The Greek government needs to audit and overhaul its economy. Above all it need to take responsibility for its failure to responsibly govern. This is as much of a cultural issue as it is and economic issue.

While the no side have accused their creditors of blackmail it may be more accurate to say that it is the Greek government that is trying to blackmail Europe.
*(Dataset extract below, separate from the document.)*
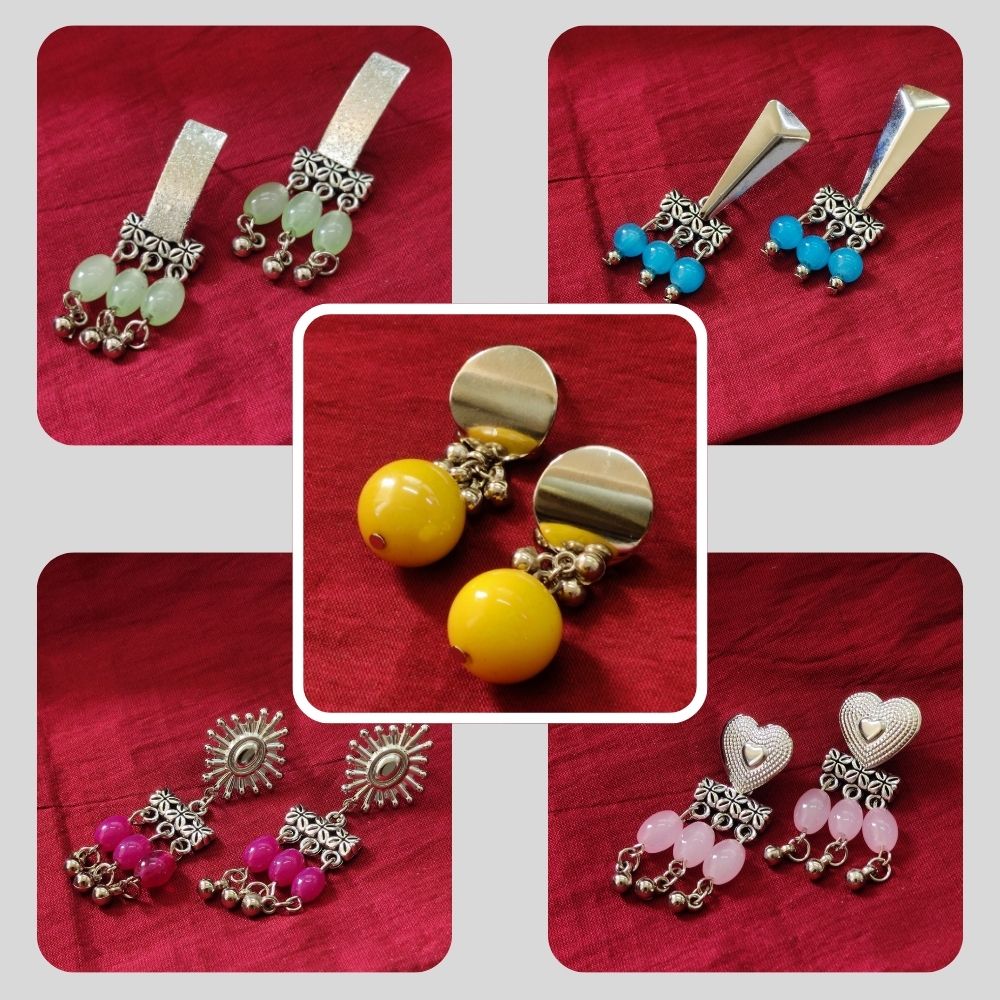 JewelMaze Set of 5 Earrings Combo  ( Assorted Color )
Greece voted no in an attempt to secure a sustainable economy, however they are unlikely to realize the promises they were sold. Tsipras' dangerous brand of populism will transform Greece from a deeply troubled nation into what may amount to a failed state.  

Regulation or Revolution
Fiscal Sustainability: Austerity or Stimulus


Anonymous said...

Aside from ethnic and cultural differences, one may find that there is a stark resemblance between Argentina and Greece on several fronts: political, economic, and social. It is very dangerous to live like there is no accountability, unlimited resources (the grass always grows back up) and when people think that anyone else is the matter but me. It gets to a point where the bucket with its myriad of neglects and indifference towards the country's sustainability and future well-being cannot be passed on any longer

Franco F. Yanine

Anonymous said...

I do not understand how you could write about sustainability and the Greek/EU crisis without mentioning the financial mismanagement that has created such an unsustainable situation for the people of Greece. For example, why have you not addressed nor even acknowledged the scale of dishonesty and deception of the EU bailouts?
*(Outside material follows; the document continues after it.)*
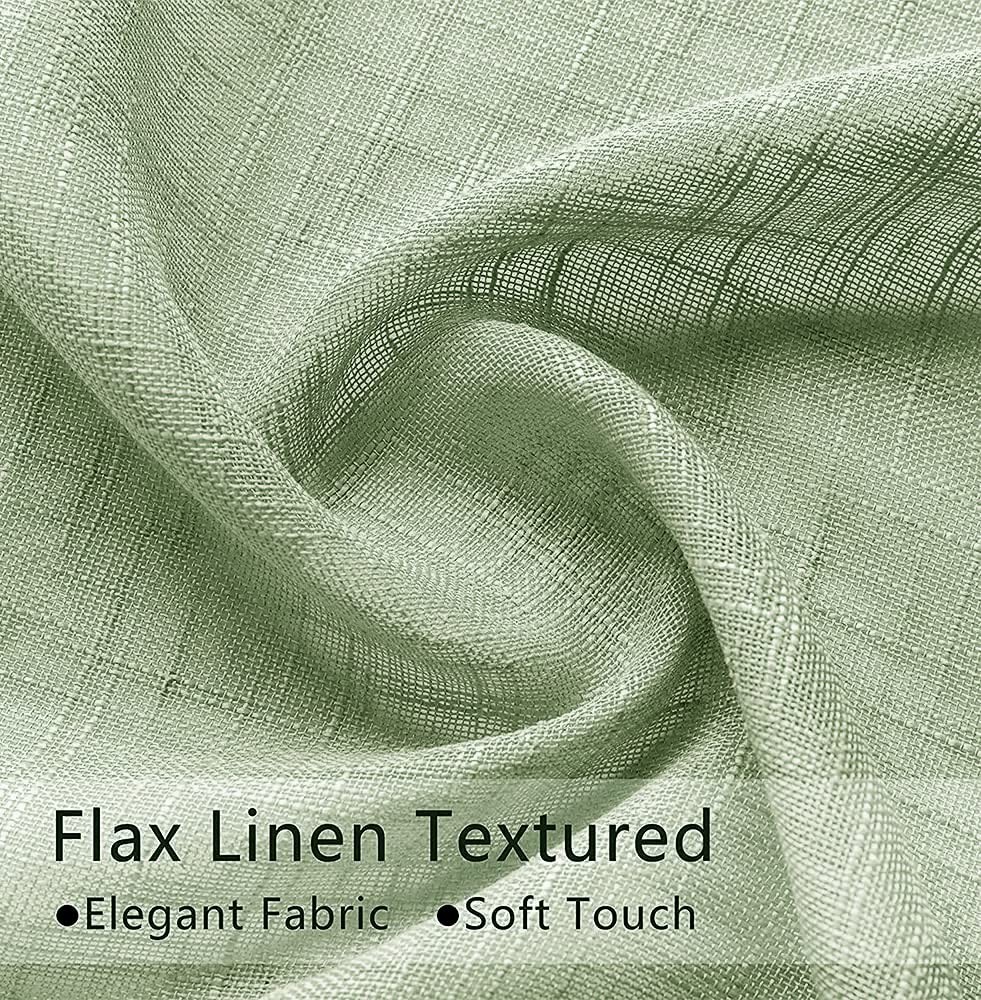 XTMYI Sage Green Linen Textured Light 25″W x 36″L (Pack of 2),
According to Richard Parker, the Harvard University Economist who was an informal advisor to the Greek government, in each successive bailout, 'the money comes in from the IMF, and lands in an account in Athens, and it turns right around and goes back to the bondholders, which were the banks'. To be precise, for every one hundred Euros loaned by European taxpayers to Greece, ninety-eight point two Euros were returned (plus interest) to the banks and other lenders.
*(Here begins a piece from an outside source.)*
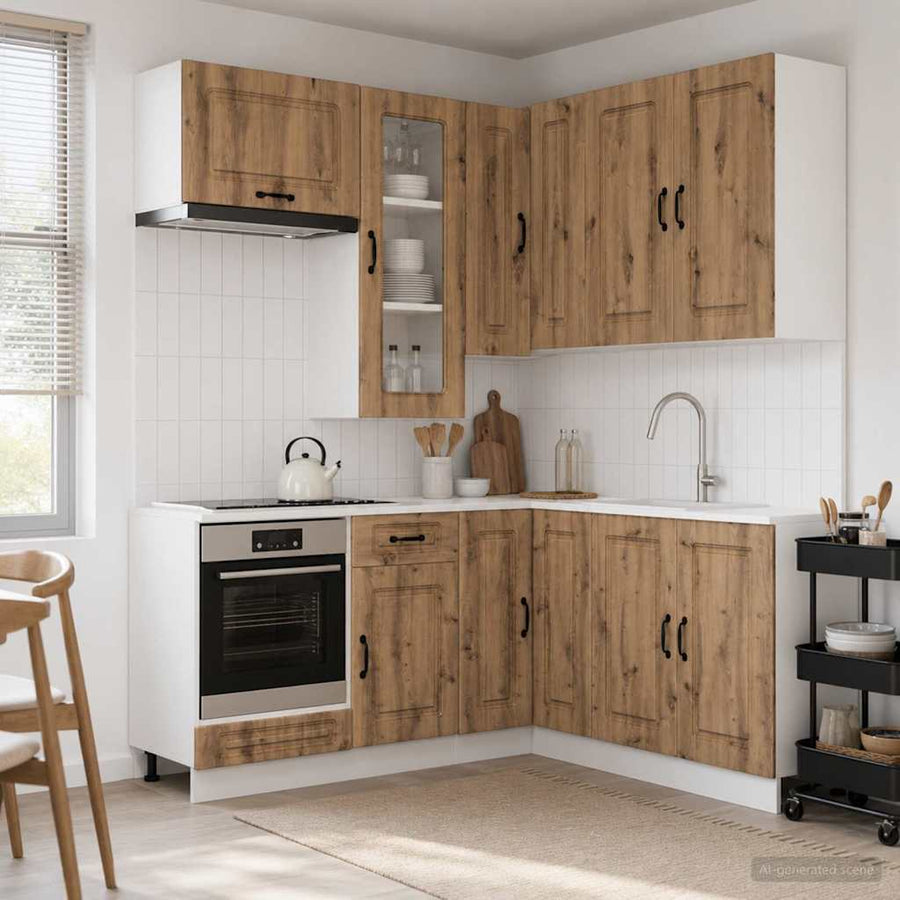 Keukenblok KALMAR 8 pcs Artisanaal eiken Bewerkt hout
This means that only one point two per cent of these loans went in to the Greek economy. Yet the common view presented by the media, and in your article above, is that the Greeks have mismanaged their economy. This has nothing to do with ordinary Greeks, who have had no part in this debacle. It has everything to do with the banking sector, and that includes the lack of financial regulation of this sector by the EU.

The Green Market Oracle said...

The amount of Greek debt means that much of the money that flows into Greece goes right back out to service its debt. However, Parker's analysis does not include European Central Bank's provision of 90 billion Euros in emergency liquidity assistance. This keeps banks solvent and directly flows back into the Greek economy.

While I will concede that unsustainable debt is the problem, my article was focused on corruption and domestic financial mismanagement that got Greece into this situation in the first place. I also looked at how the crisis has been exacerbated by the populist pandering of new Greek government.

Nobody would opt for austerity by choice, but in the case of Greece there really is no other way forward.

While the new Greek government has maligned and lamented the bailout, it has not provided any tangible roadmap for structural reforms.

To blame the creditors for the problem may resonate with the general public but it does not accurately portray the problem and it undermines attempts to find a solution.